The only way to read "exchange established by a state" as "exchange established by anyone you like" is to demand a certain result and twist the words and standards as necessary. Which is pretty much what the majority opinion announced it was doing: it said the plaintiffs' interpretation was right, but going along with it would be too inconvenient. So the trial court said the language was unambiguous and meant what the White House said. The appellate court said it was ambiguous but meant what the White House said. The Supreme Court said the most obvious reading was that it meant the opposite of what the White House said, but it would be re-interpreted that way anyway because we wish Congress had written something different or at least had employed competent draftsmen.
This doesn't surprise anyone about the liberal judges or even Kennedy. Many of us hoped that Roberts's bizarre "it's a tax/it's a floor wax" approach the last time around was an aberration, but now we see it wasn't, at least not when the stakes are high.
A commenter I appreciate at Megan McArdle's site has been asking people for months now to provide her with an example of improved language that would make "exchange established by a state" unambiguous, if your purpose was to make it clear that exchanges established by the feds would not be eligible for subsidies. She never gets any takers. The most frequent response amounts to "Huh?"
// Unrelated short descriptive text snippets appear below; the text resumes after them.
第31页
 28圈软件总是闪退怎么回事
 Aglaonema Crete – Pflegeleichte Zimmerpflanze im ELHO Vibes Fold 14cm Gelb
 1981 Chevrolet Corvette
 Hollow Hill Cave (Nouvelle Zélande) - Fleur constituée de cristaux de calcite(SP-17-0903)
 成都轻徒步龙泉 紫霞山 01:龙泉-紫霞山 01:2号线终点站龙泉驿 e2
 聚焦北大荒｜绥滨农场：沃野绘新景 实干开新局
There's been a lot of yelling back and forth about U.S. v. Gore and Heller and Citizens United and whether rightwingers are really consistent about precision of language. I won't for one instant try to argue that you can resolve constitutional disputes without dealing with flexibility and ambiguity in the use of language, especially centuries-old language with a long history and a complicated context. But King v. Burwell was a statutory interpretation case. That's a special animal, where we have precise and useful tools for deciding when the judicial branch should intrude on the legislative branch's prerogatives. The rule is: first the language has to be ambiguous, and only then can you consider the drafters' intent. That's not just my personal opinion of the rule; it's the formulation of the rule confirmed by the majority opinion in King. v. Burwell. If the language is not ambiguous, but the law still stinks and is unworkable, you send it back to Congress for fixing. If Congress has changed its mind in the meantime, tough.
In this case, I personally would have found the drafters' intent a slam-dunk once Gruber shot his mouth off, but let's assume he was lying when he first shot his mouth off and not when he retracted all his previous statements. The fact is, we shouldn't be looking at intent at all, because the argument that the language in question is ambiguous is laughable. Yes, it's "only five words in a 2,000-page bill," but they happen to be the only five words in 2,000 pages that bear directly on the point in dispute. Very, very disappointing, even for someone with no illusions about the Supreme Court consisting of saintly and courageous geniuses.